Using lasers to Reveal Facts About Stonehenge

Sunrise over Stonehenge on the summer solstice, 21 June 2005

Stonehenge might be one of the most intriguing things on the planet.  The pre-historic stone formation in England baffles a lot of people and the study of how it got there, how it’s been able stand for so long and why it’s there in the first place is ongoing.  Recently, however the use of our favorite technology revealed some details never before seen.

The first complete 3D laser scan unveiled details invisible to the naked eye, including tool marks, graffiti and damage.  Smithsonian magazine, who wrote about the findings on their site’s blog writes, “tool marks made 4,500 years ago, scores of little axehead graffiti added when the enormous slabs were already 1,000 years old, and damage and graffiti contributed by Georgian and Victorian visitors.”

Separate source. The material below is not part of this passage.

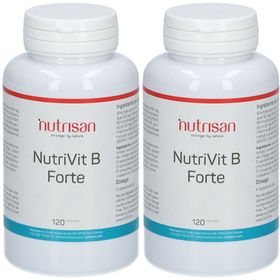 Nutrisan Nutrivit B Forte 100 + 20 Capsules GRATUITES
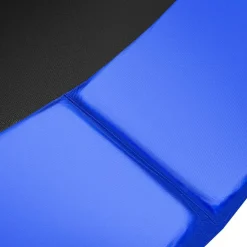 tectake Trampoline Garfunky met veiligheidsnet, Zwart/blauw Online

Details about the alignment also exposed the importance of Stonehenge’s alignment on the winter and summer solstice.  Although the formation is thousands of years old, the creators knew what they were doing. “The largest, most impressive and uniform stones, the digital scan showed, were prominently set where they would be seen first by people approaching the monument from the northeast, which would have lent a particularly spectacular vision in the midwinter sunset. Like modern masons, The Guardian writes, the ancient architects wanted to put their best work where the highest number of viewers would congregate and admire it.”

It’s no surprise to us the power lasers have.  We use them on a daily basis.  For us, it’s always interesting to see how they can be applied to other procedures.  The power of lasers continues to unveil interesting findings in a variety of scientific and mechanical functions.